# 5D Mk III Focusing Issue



## tjlawler (May 30, 2013)

I have been using my 5D Mk III for a few weeks now. Overall I am very pleased with the photos. One quirk I have not figured out is that the camera often will not focus as I switch between focusing limits. To get it to focus I have to do a quick manual focus (just turn the focus ring while still in AF) and now focus will occur with no problems. This happens with both my 300 f/2.8 and 500/f 4 lens with the 1.4 extender attached. I have not tried this without the extender attached. Did I do something to mess up some setting in the AF in the camera? I am using center spot focus.

Thanks for any assistance,

Tom


----------



## CW Aust. (May 30, 2013)

Try the fourth purple focusing menu screen,top item "set drive when AF impossible" should be set to on.


----------



## CharlieB (May 30, 2013)

My own experience was the same with the 5D2 and 7D.... and it happened with almost every lens I own ( which is 9, including four L's ). In both cases, I had focus turn itself off even while attempts were made to focus on good contrasty and well lit subjects. In both cases, rotating the lens in its mount a few times permanently fixed the problem.

I'd have put money on clean lens contacts - they all worked well with my older bodies EOS 350 and EOS 400. Having all the lenses behave the same way... makes me think camera body issues. Having both bodies have the same issue is beyond my thinking. 

So, I have to idea what the issue was. Never made an adjustment. After a few partial dismounts - via rotation - the lenses all worked perfectly on either body.

A "go figure" moment for sure.


----------



## tjlawler (May 30, 2013)

At first try the suggestion "set drive when AF impossible" to on appears to solve the issue. Funny...I think I have this set to off on my 7D. 

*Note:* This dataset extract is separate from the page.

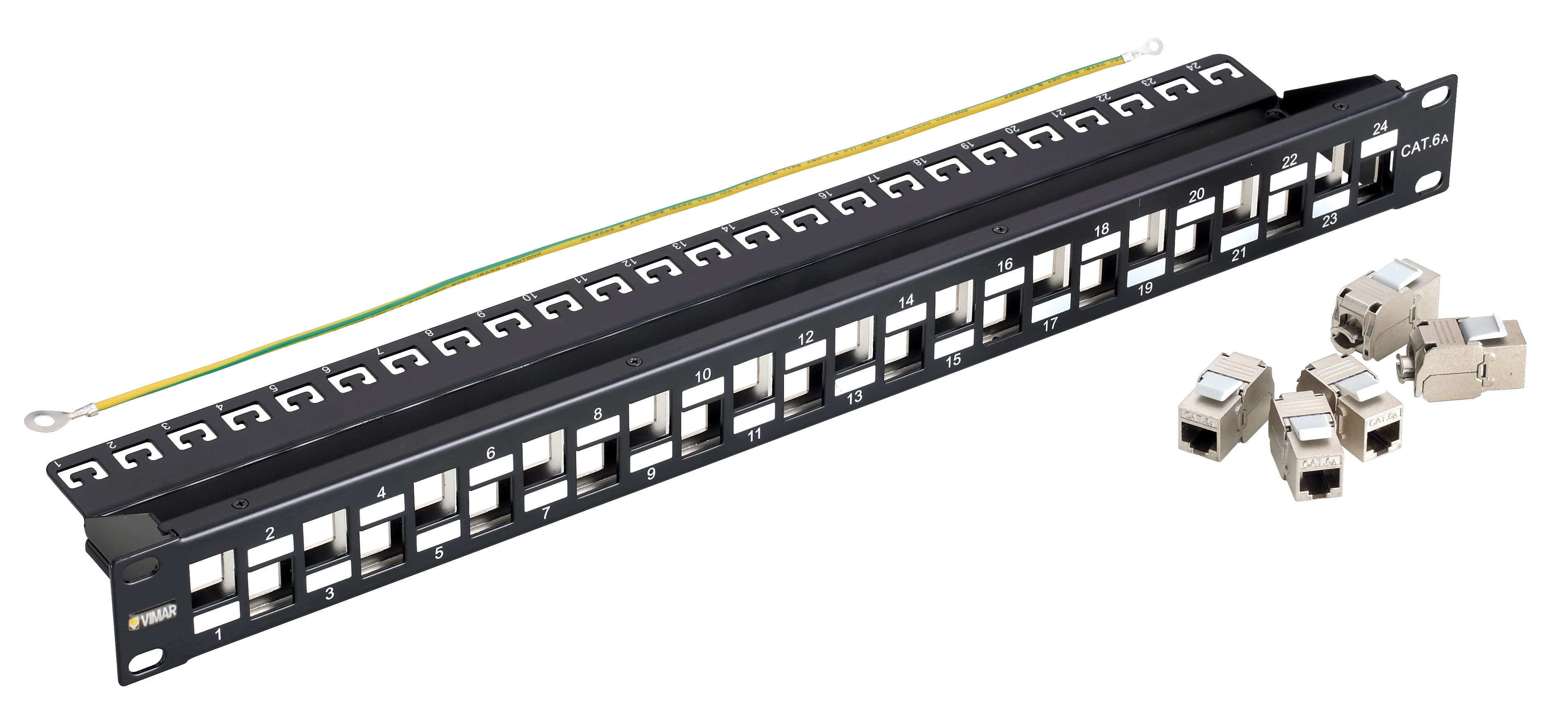 VIMAR - Pannello 24 RJ45 Cat6A FTP 1u, 19 pollici, 24 connettori RJ45 Cat. 6A schermati, cablaggio T568A/B, 8 contatti, morsetti senza utensile.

Thank you so much and I will certainly find out today if this solves the issue since the camera will get a good workout.

Tom


----------



## awinphoto (May 30, 2013)

My 7d and 5d3 do this on occasion with my 70-200 every so often if it's at the MFD and my subject is at the other extreme, or visa versa... Since my other lenses AF alright, i'm thinking it's a lens issue or lens communication issue...


----------



## JMeneses (Mar 9, 2014)

Thank you CW Aust. I had the same problem and now is fixed.


----------



## apersson850 (Mar 11, 2014)

awinphoto said:


> Since my other lenses AF alright, i'm thinking it's a lens issue or lens communication issue...


It doesn't have to be. It depends on the depth of field for the lenses you use. A longer focal length and/or larger max aperture will suffer more from AF drive when focusing is impossible being set to off than a slow wide angle lens will.


----------